The Old Absinthe House on Bourbon Street has kept its name even though for almost a century absinthe was illegal in the United States.
Pat O'Brien's Bar is well known for both inventing the red cocktail, Hurricane, as well as having the first Dueling Piano Bar. Pat O'Brien's is located at 718 St. Peter Street.
Lafitte's Blacksmith Shop is a tavern located on the corner of Bourbon Street and St. Philip Street. The tavern's building, built sometime before 1772, is one of the older still standing structures in New Orleans (the Ursuline Convent, for example, is older) and has been called the oldest continually occupied bar in the United States. According to legend the structure was once owned by the pirate Jean Lafitte, though as with many things involving Lafitte, no documentation of this exists.
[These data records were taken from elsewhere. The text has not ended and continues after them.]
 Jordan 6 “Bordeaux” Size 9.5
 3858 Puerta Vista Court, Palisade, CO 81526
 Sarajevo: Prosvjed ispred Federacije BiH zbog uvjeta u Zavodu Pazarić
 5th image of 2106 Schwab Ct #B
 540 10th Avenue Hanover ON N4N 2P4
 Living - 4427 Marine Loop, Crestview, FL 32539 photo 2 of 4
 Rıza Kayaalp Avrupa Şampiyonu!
The Napoleon House bar and restaurant is in the former home of mayor Nicholas Girod; the name comes from an unrealized plot to rescue Napoleon I from his exile in St. Helena and bring him to New Orleans.
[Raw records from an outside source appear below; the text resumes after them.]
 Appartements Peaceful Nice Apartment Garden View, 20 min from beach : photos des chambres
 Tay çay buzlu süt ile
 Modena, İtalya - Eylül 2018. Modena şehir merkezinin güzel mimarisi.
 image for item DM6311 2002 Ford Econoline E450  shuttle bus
The original Johnny White's bar is a favorite of bikers. In 2005 an off-shoot called Johnny White's Hole in the Wall, along with Molly's at the Market, drew national media attention as the only businesses in the city to stay open throughout Hurricane Katrina and the tribulations of the weeks after the storm.
The Bourbon Pub and Oz, both located at the intersection of Bourbon and St. Ann, are the two largest gay clubs in New Orleans. Caf Lafitte in Exile, located at the intersection of Bourbon and Dumaine is the oldest continuously running gay bar in the United States. These and other gay establishments sponsor the raucous Southern Decadence Festival during Labor Day weekend. This festival is often referred to as New Orleans' "Gay Mardi Gras". St. Ann Street is often called "the Lavender Line" in reference to it being on the edge of the French Quarter's predominately gay district. While there is a gay population throughout the French Quarter, the portion of the Quarter that is northeast of St. Ann Street is generally considered to be the Gay District.
New Orleans and its French Quarter are one of only a few places in the United States where possession and consumption of alcohol in open containers is allowed on the street.
The neighborhood contains many restaurants, ranging from formal to casual, patronized by both visitors and locals. Some are well known landmarks, such as Antoine's and Tujague's, which have been in business since the 19th century; Arnaud's, Galatoire's, Broussard's, and Brennan's are only slightly less venerable. Less historic—but also well-known—French Quarter restaurants include those run by chefs Paul Prudhomme ("K-Paul's"), Emeril Lagasse ("NOLA"), and John Besh. Port of Call on Esplanade Avenue has also been in business for more than 30 years and is recognized for its popular Monsoon drinks.
There are several types of accommodations in the French Quarter ranging from large international chains to bed and breakfasts to time share condominiums to small guest houses with only one or two rooms. Hotel Maison De Ville and the Audubon Cottages were built as a townhouses in 1800. The Audubon Cottages were home to Antoine Amed e Peychaud during its history. Tennessee Williams (with the French Quarter providing the setting for arguably his most famous play, A Streetcar Named Desire) was a frequent guest and the hotel works to maintain its historic ambiance.
Residents are within the jurisdiction of the New Orleans Public Schools.